**Entries supplied**:
——————
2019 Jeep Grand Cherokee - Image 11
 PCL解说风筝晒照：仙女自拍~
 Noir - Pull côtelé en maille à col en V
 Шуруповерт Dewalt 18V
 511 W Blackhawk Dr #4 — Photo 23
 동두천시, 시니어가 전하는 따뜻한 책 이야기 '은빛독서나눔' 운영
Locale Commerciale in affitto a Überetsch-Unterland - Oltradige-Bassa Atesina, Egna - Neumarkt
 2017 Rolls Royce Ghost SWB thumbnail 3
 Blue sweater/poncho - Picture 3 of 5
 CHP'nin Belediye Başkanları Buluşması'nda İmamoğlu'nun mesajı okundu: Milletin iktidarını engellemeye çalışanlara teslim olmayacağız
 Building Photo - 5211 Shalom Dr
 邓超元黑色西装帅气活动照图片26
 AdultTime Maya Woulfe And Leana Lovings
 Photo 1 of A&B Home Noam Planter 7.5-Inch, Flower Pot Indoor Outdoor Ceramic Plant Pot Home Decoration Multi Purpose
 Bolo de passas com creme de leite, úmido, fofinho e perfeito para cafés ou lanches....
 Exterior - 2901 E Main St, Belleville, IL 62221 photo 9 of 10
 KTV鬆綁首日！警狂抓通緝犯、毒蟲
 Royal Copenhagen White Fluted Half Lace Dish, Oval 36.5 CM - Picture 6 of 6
——————
**How to complete this task**: The answer should consist of every line from the listing above that includes the word "Picture".

**Task result**:
 Blue sweater/poncho - Picture 3 of 5
 Royal Copenhagen White Fluted Half Lace Dish, Oval 36.5 CM - Picture 6 of 6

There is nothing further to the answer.